Review: My Innocent Uncle by Ch’ae Man-shik

Ch'ae Man-shik (채만식)

Ch'ae Man-shik (채만식)

My Innocent Uncle is a Jimoondang/KLTI volume that contains the title story, the Korean classic A Ready Made Life and  Once Upon a Paddy. All of these works are by Ch’ae Man-shik who noted translator Brother Anthony has described as “perhaps the greatest master of satire in Korean fiction.

My Innocent Uncle is one of the funniest translated stories I have  read. The story is told by, “I” a perfectly un-self-aware narrator frothing and fuming (and continually misunderstanding) his “scotchalist” uncle. I is an unrepentant fan of Japanese colonialism and can’t understand his uncle’s resistance. I is self-admittedly undereducated and politically naïve at best, and the passages in which he engages with his uncle are classic examples of the ignorant butting heads with themselves. Reading this story I was inexorably reminded of some of the stupider citizens of my own nation tossing the appellation/epithet ‘socialist’ at politicians with whom they don’t agree.  The story is short, and at the end, as the narrator wishes his socialist uncle would die (again, there seem to be some parallels with current politics) the reader can only chuckle at his foolishness.

The story is funny enough on its own merits, but it is also an extended metaphor of Japanese colonialism, with the happily retarded and collaborationist narrator’s dumbfoundedness at his uncle (a symbol of the attenuated Korean culture) and his refusal just to go away. Broken, ill, and with no reason (from the narrator’s point of view) to go on, the uncle, and thus Korea, just endures.(NOTE: A different version of this story can be downloaded from the Korea Journal, here)

A Ready-Made Life features Mr. P., a narrator who is certainly mis-used by his society; he is over-educated, underemployed, and overly bitter, but also a narrator who seems deeply unaware, unwise, self-centered, and an absurd daydreamer who seems at least in part responsible for his own plight. That plight is that he is part of the intellegentsia and in an annoying section of straightforward explication the story explains that there is no place for such a character in the “new” Korea. It is  likely that the “new” Korea here is intended to be a result of Japanese “modernization” of Korea and thus the narrator’s plight is related to colonialism, but that point is largely lost in translation

There are two subplots in which P comes off as a prig and a prick respectively, and these characterizations of him substantially lessen any sympathy that a reader might have for him. Again, it is likely that these plots would be more accessible to a Korean, for instance, the subplot in which P denies his son education has been analzyed:

A closer look reveals Ch’aes keen awareness of the oppressiveness of Japanese imperialism. Although Ch’ae doesnt prominently emphasize the Japanese responsibility in Ps displaced life, Western modernization and liberalism in colonized Korea came along with  the process of Japanese colonization, frustrating Koreans competence and planting defeatism by means of the policies of assimilation.
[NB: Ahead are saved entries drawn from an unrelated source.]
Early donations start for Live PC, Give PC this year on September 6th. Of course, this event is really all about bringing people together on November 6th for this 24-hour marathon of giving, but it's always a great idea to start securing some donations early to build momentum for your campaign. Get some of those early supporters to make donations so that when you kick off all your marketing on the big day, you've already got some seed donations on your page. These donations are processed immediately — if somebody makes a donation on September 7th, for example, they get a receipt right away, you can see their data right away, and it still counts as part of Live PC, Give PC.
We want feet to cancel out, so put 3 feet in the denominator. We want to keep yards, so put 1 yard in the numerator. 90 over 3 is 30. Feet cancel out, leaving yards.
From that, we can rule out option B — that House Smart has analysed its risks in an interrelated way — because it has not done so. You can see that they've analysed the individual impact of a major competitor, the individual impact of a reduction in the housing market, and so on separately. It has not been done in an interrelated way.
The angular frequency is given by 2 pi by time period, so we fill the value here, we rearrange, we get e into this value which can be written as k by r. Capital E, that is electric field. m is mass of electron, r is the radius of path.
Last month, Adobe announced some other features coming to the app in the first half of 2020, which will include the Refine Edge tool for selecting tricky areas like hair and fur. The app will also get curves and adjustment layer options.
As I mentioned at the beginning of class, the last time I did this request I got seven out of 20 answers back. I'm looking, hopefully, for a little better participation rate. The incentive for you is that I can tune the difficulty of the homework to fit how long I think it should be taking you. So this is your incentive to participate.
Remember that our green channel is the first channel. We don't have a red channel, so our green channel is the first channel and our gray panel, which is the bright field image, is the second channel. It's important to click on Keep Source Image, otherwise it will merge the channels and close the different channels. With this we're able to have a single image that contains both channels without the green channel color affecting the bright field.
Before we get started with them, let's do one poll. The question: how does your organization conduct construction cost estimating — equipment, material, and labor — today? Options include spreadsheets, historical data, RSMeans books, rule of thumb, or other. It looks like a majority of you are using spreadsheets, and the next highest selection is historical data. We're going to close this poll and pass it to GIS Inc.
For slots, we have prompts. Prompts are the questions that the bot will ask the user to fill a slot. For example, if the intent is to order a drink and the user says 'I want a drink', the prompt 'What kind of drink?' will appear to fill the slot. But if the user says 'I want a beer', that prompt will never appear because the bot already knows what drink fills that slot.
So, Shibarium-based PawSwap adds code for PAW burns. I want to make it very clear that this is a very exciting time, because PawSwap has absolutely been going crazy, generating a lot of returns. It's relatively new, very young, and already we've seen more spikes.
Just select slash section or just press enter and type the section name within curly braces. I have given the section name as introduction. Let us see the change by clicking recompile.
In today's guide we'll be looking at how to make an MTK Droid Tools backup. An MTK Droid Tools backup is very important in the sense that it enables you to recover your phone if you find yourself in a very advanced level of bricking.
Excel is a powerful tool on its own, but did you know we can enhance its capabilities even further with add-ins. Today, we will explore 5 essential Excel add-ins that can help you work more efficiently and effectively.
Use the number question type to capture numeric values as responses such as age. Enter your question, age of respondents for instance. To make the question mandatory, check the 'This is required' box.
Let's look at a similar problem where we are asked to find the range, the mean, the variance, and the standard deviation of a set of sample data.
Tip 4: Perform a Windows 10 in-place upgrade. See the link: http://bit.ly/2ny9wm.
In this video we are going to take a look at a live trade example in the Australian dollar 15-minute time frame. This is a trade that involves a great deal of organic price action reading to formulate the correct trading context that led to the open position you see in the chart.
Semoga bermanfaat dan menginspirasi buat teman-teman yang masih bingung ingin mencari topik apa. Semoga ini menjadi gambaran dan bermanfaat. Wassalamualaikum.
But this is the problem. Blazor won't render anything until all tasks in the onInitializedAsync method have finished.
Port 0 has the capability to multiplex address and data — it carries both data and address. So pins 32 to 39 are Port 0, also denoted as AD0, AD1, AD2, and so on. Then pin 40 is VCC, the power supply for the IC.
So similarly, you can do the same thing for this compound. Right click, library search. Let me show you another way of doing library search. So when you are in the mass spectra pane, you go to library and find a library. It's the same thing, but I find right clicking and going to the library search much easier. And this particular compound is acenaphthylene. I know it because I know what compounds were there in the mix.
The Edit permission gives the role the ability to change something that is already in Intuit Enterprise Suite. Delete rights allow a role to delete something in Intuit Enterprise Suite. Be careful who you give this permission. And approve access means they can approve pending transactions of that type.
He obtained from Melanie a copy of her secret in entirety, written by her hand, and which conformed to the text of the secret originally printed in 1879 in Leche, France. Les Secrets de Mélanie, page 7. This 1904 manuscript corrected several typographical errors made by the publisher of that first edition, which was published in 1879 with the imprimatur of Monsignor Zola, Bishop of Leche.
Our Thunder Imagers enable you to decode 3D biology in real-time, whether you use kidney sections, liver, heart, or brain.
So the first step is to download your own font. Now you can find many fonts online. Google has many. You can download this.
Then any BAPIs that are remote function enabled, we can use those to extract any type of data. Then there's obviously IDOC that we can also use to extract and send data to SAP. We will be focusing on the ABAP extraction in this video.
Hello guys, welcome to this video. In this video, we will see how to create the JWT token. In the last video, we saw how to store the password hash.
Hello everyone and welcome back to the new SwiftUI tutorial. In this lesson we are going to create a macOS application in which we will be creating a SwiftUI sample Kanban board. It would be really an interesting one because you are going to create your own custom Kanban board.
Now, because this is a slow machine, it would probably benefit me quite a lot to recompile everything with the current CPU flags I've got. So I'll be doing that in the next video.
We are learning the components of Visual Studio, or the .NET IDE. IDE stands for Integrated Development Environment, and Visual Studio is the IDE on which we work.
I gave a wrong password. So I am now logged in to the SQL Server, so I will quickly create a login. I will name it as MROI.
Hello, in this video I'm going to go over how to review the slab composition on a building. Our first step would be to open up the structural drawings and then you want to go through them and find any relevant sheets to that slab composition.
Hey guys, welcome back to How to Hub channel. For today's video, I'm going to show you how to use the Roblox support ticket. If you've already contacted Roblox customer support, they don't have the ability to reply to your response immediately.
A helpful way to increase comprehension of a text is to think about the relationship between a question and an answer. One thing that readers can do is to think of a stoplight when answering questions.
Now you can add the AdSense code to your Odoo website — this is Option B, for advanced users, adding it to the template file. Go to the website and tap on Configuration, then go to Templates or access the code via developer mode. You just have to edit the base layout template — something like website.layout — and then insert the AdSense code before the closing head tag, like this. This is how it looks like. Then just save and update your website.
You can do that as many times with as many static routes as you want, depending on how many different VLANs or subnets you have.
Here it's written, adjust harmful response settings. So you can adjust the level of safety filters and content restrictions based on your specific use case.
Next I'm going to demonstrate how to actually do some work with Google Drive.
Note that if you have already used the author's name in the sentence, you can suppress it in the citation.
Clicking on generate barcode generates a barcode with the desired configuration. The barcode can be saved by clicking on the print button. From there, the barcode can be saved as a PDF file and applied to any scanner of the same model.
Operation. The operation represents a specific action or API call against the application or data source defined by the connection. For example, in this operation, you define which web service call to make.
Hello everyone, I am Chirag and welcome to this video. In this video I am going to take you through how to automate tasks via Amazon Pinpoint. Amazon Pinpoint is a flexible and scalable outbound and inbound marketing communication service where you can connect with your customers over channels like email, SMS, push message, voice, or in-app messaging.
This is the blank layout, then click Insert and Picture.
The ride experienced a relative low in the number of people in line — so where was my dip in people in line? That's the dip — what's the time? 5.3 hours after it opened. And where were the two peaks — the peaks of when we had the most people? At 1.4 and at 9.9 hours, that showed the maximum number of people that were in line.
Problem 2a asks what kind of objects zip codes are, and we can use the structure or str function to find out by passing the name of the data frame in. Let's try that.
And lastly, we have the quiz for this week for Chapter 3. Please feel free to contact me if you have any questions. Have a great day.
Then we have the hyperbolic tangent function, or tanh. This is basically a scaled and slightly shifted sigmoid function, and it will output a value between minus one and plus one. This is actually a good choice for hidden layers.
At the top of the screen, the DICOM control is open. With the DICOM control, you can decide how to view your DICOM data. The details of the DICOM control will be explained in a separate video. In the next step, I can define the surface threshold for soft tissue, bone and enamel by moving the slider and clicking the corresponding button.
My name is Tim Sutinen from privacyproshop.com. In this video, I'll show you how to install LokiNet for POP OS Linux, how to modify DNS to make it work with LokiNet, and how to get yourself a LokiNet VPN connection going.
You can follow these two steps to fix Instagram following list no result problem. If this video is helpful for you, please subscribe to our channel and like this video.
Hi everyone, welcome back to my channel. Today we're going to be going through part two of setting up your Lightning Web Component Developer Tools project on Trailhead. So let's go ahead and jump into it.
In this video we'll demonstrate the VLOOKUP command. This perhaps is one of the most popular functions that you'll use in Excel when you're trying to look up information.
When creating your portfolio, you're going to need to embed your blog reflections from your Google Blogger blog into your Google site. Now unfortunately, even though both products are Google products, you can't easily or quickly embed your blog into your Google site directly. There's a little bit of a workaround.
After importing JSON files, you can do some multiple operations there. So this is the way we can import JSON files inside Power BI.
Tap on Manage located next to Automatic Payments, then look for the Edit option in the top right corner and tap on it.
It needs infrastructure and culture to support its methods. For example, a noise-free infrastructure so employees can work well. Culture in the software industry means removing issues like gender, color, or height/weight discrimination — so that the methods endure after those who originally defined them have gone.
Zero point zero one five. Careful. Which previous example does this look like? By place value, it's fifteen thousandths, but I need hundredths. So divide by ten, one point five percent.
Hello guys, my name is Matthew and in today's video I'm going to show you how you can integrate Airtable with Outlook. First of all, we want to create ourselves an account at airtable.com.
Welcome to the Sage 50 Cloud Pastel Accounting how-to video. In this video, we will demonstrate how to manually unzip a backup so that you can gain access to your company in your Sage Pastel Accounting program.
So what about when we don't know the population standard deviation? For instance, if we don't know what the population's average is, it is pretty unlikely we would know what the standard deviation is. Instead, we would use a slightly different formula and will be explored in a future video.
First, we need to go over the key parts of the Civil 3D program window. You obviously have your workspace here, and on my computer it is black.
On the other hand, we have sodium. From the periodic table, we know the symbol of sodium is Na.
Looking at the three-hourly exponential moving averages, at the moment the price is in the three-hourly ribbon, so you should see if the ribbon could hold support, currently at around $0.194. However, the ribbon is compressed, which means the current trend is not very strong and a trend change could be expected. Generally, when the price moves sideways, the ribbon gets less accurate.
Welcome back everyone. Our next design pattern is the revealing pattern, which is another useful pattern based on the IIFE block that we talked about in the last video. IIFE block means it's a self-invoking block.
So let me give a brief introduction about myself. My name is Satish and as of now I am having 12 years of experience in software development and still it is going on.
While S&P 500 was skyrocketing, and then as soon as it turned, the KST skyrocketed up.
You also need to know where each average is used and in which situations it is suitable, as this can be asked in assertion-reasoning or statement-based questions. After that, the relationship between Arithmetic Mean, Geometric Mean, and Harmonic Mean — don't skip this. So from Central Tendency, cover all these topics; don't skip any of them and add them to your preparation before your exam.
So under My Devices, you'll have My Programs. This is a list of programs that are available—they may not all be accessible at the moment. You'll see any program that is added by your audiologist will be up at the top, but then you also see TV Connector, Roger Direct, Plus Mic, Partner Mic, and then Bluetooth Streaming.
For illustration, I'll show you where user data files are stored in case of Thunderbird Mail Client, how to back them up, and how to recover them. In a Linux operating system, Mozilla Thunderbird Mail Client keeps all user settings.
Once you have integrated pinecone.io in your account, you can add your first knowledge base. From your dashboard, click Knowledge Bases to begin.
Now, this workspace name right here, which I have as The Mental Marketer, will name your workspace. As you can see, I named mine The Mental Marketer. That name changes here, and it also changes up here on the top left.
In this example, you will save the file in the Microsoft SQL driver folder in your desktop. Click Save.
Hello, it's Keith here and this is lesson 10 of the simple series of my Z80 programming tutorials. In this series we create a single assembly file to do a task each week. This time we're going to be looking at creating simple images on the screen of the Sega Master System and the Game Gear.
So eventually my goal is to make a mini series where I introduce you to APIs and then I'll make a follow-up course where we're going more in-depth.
Following this  line of thought, preventing his son from getting education in a colonized  country can be read as a passive way to fight against the Japanese imperial projects of civilization and modernization. Nonetheless, Ps son as well as P is incarcerated victims of colonization.

But that’s hard sledding for a casual western reader and thus the story is as well.

The final story is Once Upon a Paddy, a relatively one-note story which makes the point that, while there were many evil things to the Japanese colonization of Korea, the position of the peasant was not materially, worse, in fact might have been better. It ends with a nasty twist, suggesting that the ‘new’ Joseon might be just as bad for peasants as the old one had been.

This is a great trio of stories to read with a deep understanding of the colonial period. My Innocent Uncle, however, is funny enough on its own merits that it can be read for the clash of political beliefs and intelligence levels.